日本はアジアや開発途上にある国々の模範にならなくてはいけませんから、女性や女性の問題を支えてくれる政治家が育つ、またそういう視点から法律が作られていくことが大事ですね。先進国、開発途上国、それぞれの男女平等のあり方があります。ですから、一概に全部平等じゃなくてはいけませんということではなく、むしろその国の発展具合やその時代時代に合わせてどう取り組んでいくかを考えるということ、またそれを考える権利を持つことができ、その権利が守られていることがすごく大事なことです。そういう意味では国連もやることが沢山ありますね。

― COP10の広報アドバイザーとしてもご活躍ですが、COP10とはどのような会議なのでしょうか。

un_interview_photo05COP10というのは「生物多様性条約第10回締約国会議」の略です。現在、地球温暖化によって一日に何千種類もの生物が消えています。もちろん地球は何十億年もの間動いていますから、多くの生物が絶滅してはいるんですけれども、温暖化によって絶滅する速度がものすごく速くなったので、それを食い止めようということがこの会議の基本です。また、生物の権利に関しても話し合われます。例えば、医療などの分野において重要な生物や微生物がいたとして、その生息地が開発途上国・地域の場合そういう生物の権利に関してまだ整備が進んでいません。それらの権利を薬品会社や先進国が持ってしまうことで、生物資源のバランスが崩れている場合があります。それに対してどう同意をしていくかということもこの会議の中で話し合われます。

「バランスが取れていないと、すごく偏った国際協力になると思うんです」

― 最後に、社会貢献・国際協力を志す日本の方々にメッセージをお願いします。

まず、現状が分からなくては、国際協力なんてできないと思うんですね。自分の国がどう運営され、世界の一つの模範になっているかということを、先進国か開発途上国かに関わらず、どの国でも考えることがすごく大事だと思います。今、ブータンがGNH(国民総幸福量)というのを一つの指針にして国民が幸せであるかどうかを見ていますけれども、お金がいくらあってもハッピーにはなれないんだということは先進国がもう十分に示していると思います。社会のシステムは日本の中でもまだ充実していません。開発途上国やそこで困っている人たちのことを考えるのはすごく大事なことだけれど、やはり自分の身の回りも良くしていきながら、相手の国、人々のことも思うということ、このバランスが取れていないと、すごく偏った国際協力になると思うんですね。

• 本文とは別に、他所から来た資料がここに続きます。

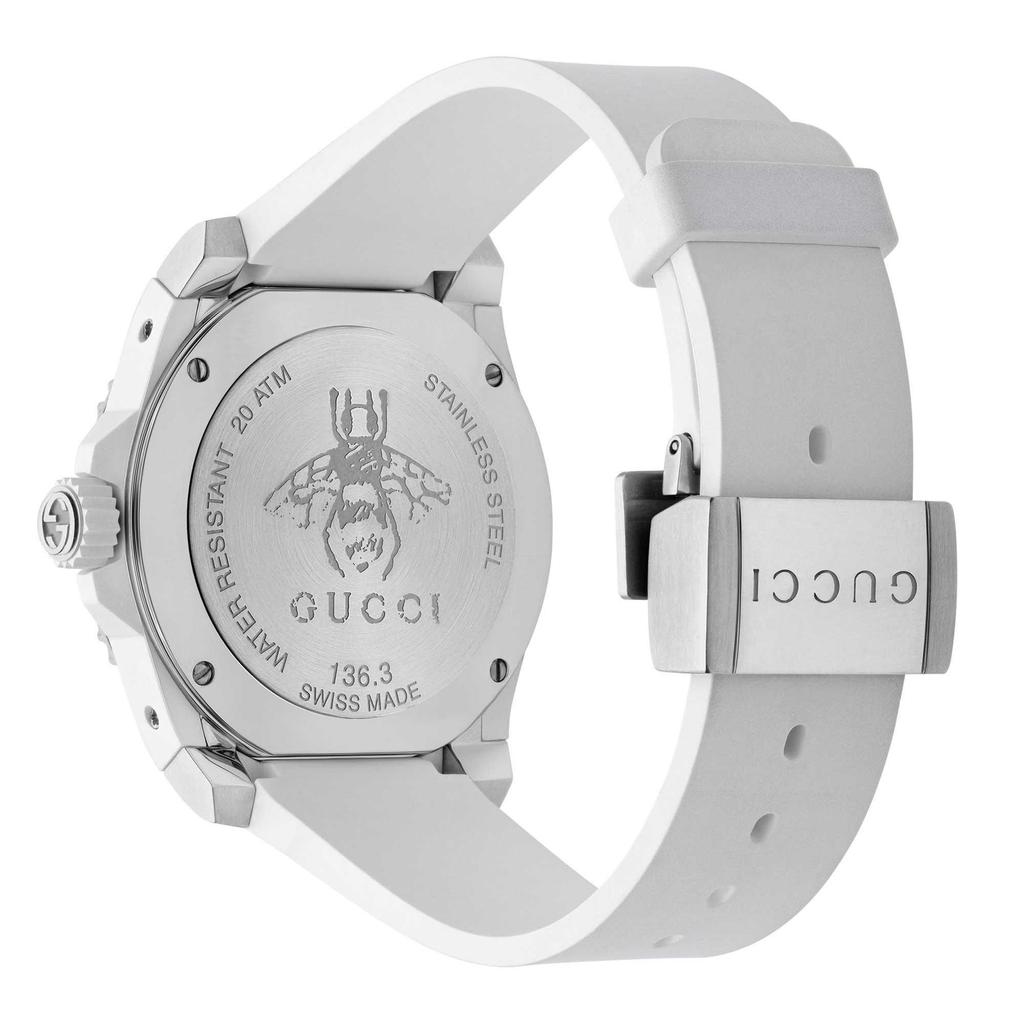 Gucci YA136337 Часы для дайвинга с серебристым циферблатом и белым каучуковым ремешком, ширина 40 мм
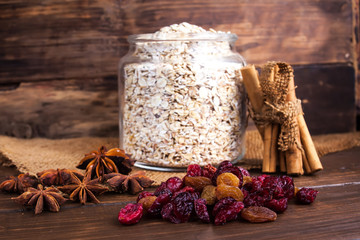 oats jar nuts mix and dry fruits
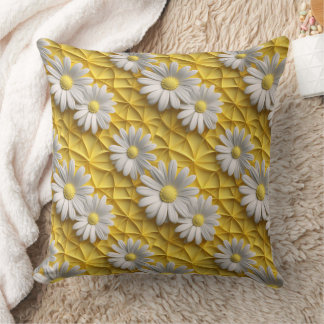 3d daisies white and yellow cushion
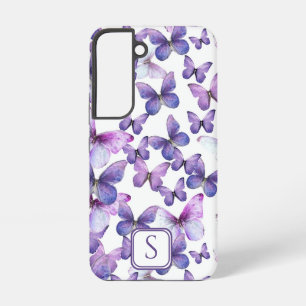 Funda Para Samsung Galaxy S22 Mariposas moradas Monograma Personalizado elegante
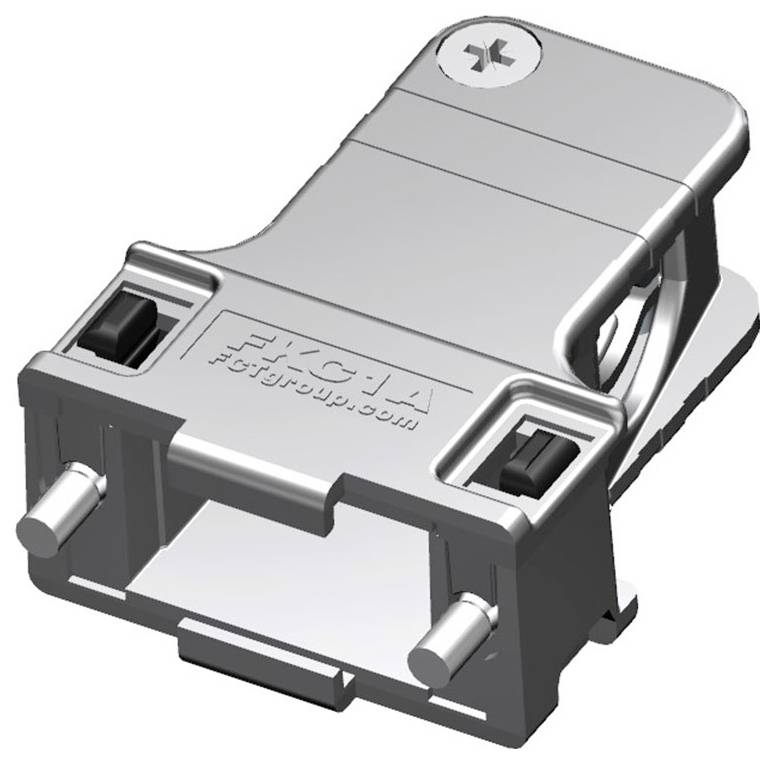 Ein silbernes Kunststoffbauteil mit rechteckiger Form und integrierten Schrauben. Oberseite trägt die Prägung 'FCA FCIgroup.com'.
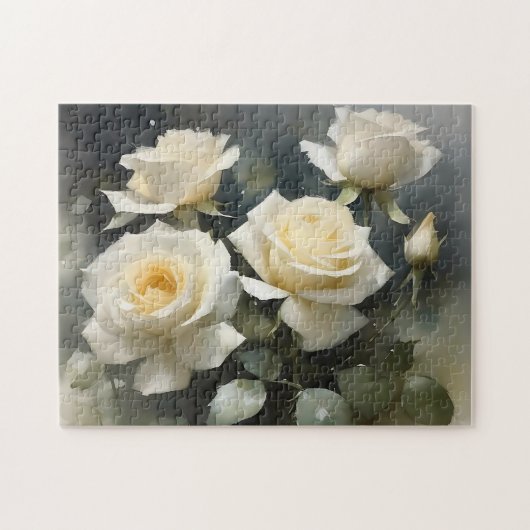 Hübsche Rosengarten Aquarellmalerei Puzzle (Horizontal)
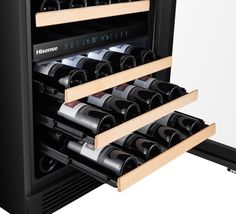 Hisense 46-bottles dual zone wine cooler has a sleek and modern design with stainless steel door frame and handle. Its low-E and anti-UV glass door stores your favorite wine at the perfect temperature. 5 Soft-close shelves allow quiet and smooth handling and keep vibrations to a minimum. This wine cooler is a front-venting unit and can be installed for built-in or as a freestanding application. The reversible door design allows for flexible installation and placement. Hisense 23.43-in W 46-Bottl Built In Wine Cooler, Beverage Centers, Stereo Systems, Wine Collection, Kitchen Units, Stainless Steel Doors, Large Appliances, Wine Chiller, Tv Console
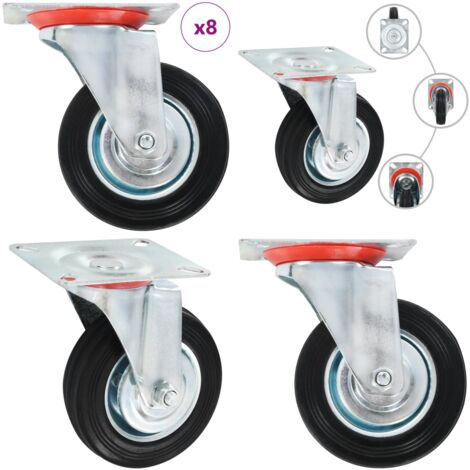 Ruote Girevoli 8 pz 100 mm - Ruote per mobili - Ruote per scaffali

un_interview_photo06一度、フィリピンで現地の方に、「あなたたちが日本で志の高い、正しい判断をする政治家を選べば、そのような政治家は、日本が出しているODA(政府開発援助)がフィリピンで適正に使われるよう責任を持ってくれる、そういう形の国際協力もありますよ」と言われたんです。すごく遠回りではあるけれども、そういうことがドミノ方式に開発途上国にまで影響を及ぼすんだということを普段認識して暮らせば、別に開発途上国に出かけて「国際貢献したいんです」と言わなくても、きちんと国際貢献になるんですね。国連機関の仕事に就くことは、もちろん大事な国際協力だと思いますけれども、方法は一つではないと思います。いつでも広くアンテナを張って、世界や国々がどう動いているか、自分の周りはどうなっているかということをきちんとバランスよく理解していることが私はすごく大事だと思いますね。